**Available data:**
┌──

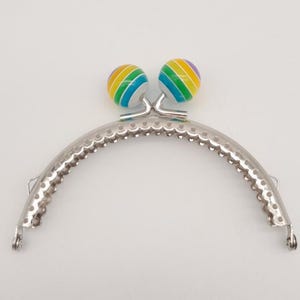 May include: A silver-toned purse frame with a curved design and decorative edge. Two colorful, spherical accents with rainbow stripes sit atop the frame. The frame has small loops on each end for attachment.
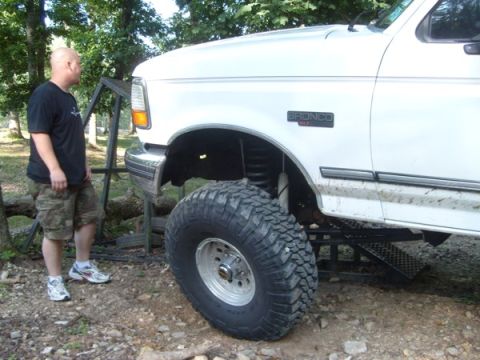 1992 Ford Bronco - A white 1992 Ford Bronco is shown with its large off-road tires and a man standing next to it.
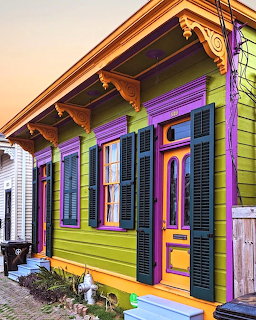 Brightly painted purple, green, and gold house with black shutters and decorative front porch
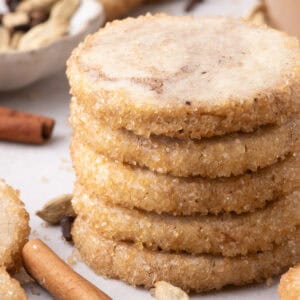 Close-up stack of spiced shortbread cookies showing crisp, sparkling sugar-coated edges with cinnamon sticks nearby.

└──
┌──

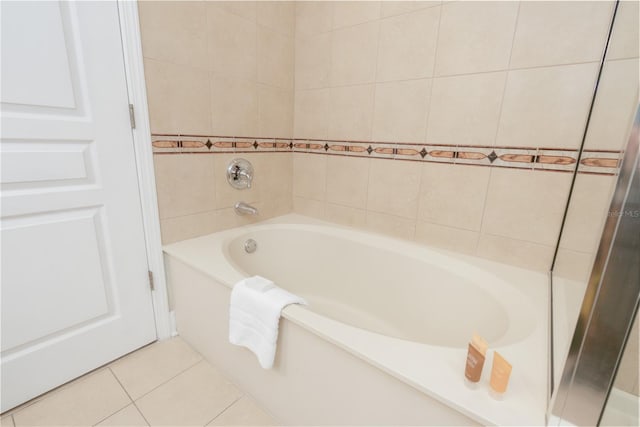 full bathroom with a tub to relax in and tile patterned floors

└──
┌──

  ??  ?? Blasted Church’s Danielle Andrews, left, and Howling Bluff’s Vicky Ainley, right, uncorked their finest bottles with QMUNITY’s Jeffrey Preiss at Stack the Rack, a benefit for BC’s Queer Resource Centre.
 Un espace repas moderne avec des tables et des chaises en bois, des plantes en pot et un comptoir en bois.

└──

**Exercise directions:** Would you set down only the lines above from the line with "May include: A" to the line with "Close-up stack of", both included, exactly as they stand and without the pictures?

**Reply to the task:**
 May include: A silver-toned purse frame with a curved design and decorative edge. Two colorful, spherical accents with rainbow stripes sit atop the frame. The frame has small loops on each end for attachment.
 1992 Ford Bronco - A white 1992 Ford Bronco is shown with its large off-road tires and a man standing next to it.
 Brightly painted purple, green, and gold house with black shutters and decorative front porch
 Close-up stack of spiced shortbread cookies showing crisp, sparkling sugar-coated edges with cinnamon sticks nearby.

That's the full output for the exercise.